• Task directions
Start to finish, copy the data exactly.

• Collected material
================

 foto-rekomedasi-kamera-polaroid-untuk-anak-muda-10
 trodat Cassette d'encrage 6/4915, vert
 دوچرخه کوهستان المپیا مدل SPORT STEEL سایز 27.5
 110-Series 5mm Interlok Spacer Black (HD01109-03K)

================

• Solution to the exercise
 foto-rekomedasi-kamera-polaroid-untuk-anak-muda-10
 trodat Cassette d'encrage 6/4915, vert
 دوچرخه کوهستان المپیا مدل SPORT STEEL سایز 27.5
 110-Series 5mm Interlok Spacer Black (HD01109-03K)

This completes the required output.